The price per share of the Series A preferred stock – the first significant round of venture capital financing – is equal to the pre-money valuation of the company divided by the number of fully-diluted pre-money shares.
Per share price = pre-money valuation/fully-diluted pre-money shares
Being on a fully-diluted basis means that the total numbers of shares includes all outstanding common and preferred stock, plus all outstanding options, warrants and other convertible securities, as if converted into common stock and any shares reserved for issuance under the company’s equity incentive plans (the option pool). This has the effect of making common stockholder assume the diluting effect of the unexercised and unissued options.
As evident from the formula above, there are two ways to effect a startup’s Series A per share price: change the valuation or change the number of fully-diluted pre-money shares. Arguing for a change in valuation is difficult, but one thing startups can do to increase the share price is to decrease the size of the option pool.

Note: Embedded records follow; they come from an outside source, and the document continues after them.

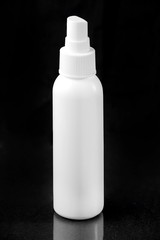 Perfume hair spray cosmetic scented water bottle isolated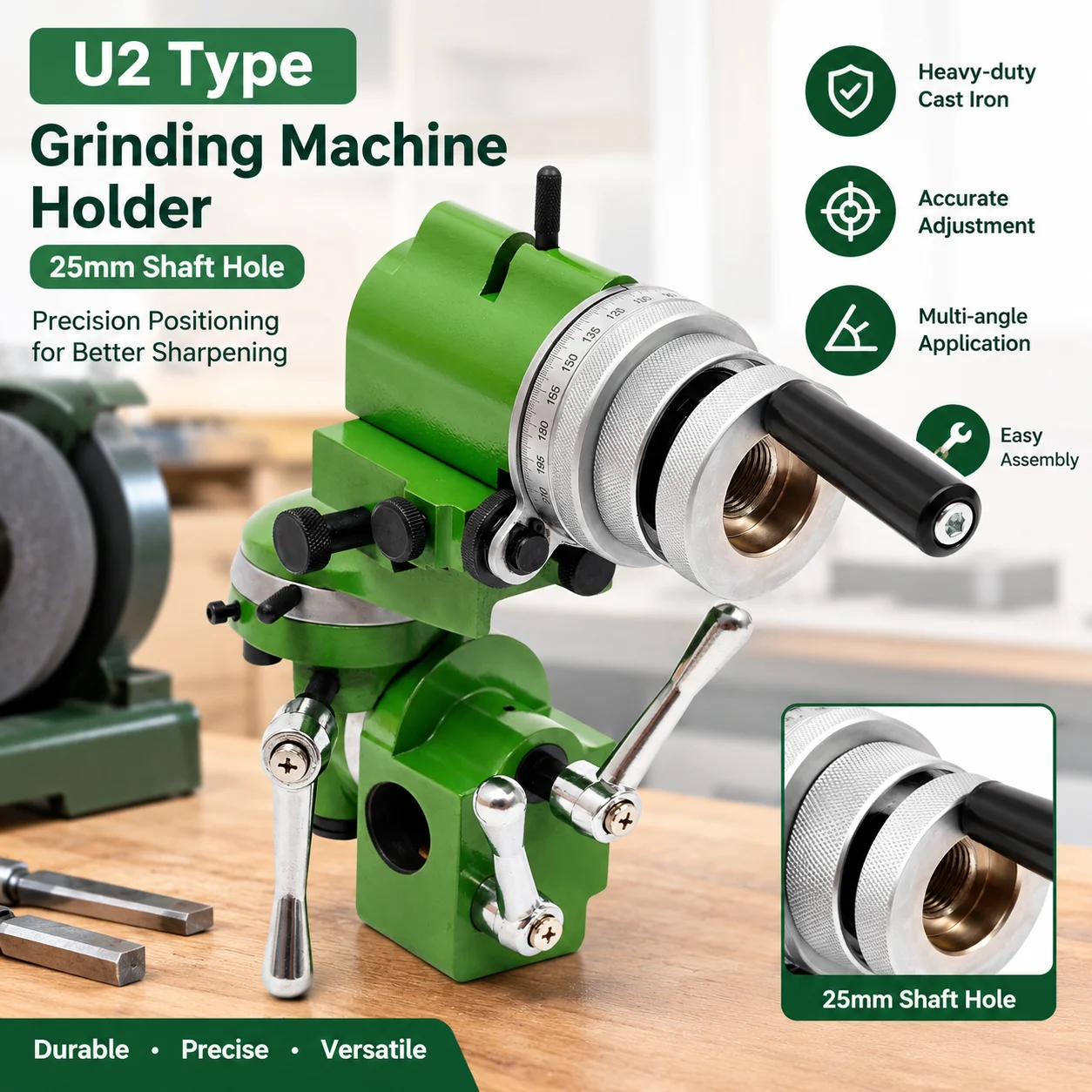 Image of 25-mm-Bohrung, U2-Universal-Schleifmaschinen-Werkzeughalter, multifunktionaler Schleifständer, robust, aus Gusseisen, mit einstellbarem Winkel, präziser Drehzahlregler, Werkzeugschärferhalterung mit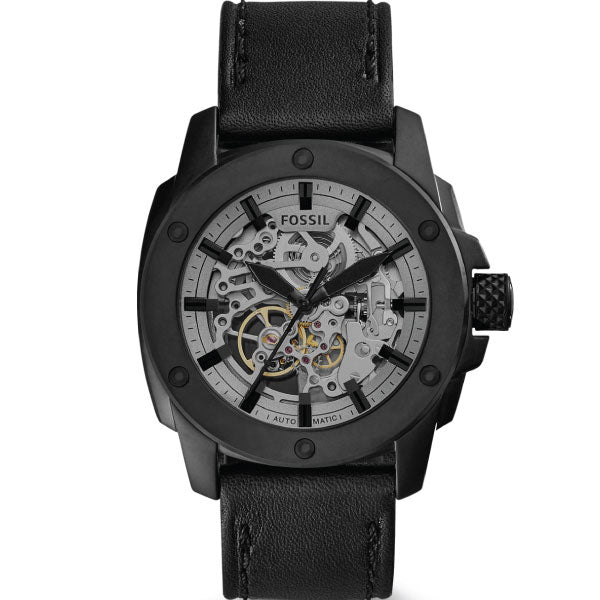 Fossil Modern Machine Automatic Skeleton Grey Dial Black Steel Strap Watch for Men - ME3134 Buy Now By Fossil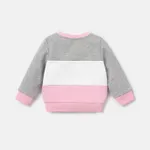 Baby Girl Rabbit Embroidered Colorblock Long-sleeve Sweatshirt  image 2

VCs will almost always insist that a pool of options be set aside for future hires and to retain existing employees. The option pool will often be included in the fully-diluted pre-money shares, which has the effect of reducing the Series A per price share. Companies should try to create the smallest option pool possible and sometimes can rightfully argue the pool doesn’t need to be as large as requested by the Series A investors. As a general rule of thumb, the option pool needs to be big enough to make necessary hires through the next round of financing, or, if the company doesn’t expect another round of financing, a time period such as 12 to 18 months.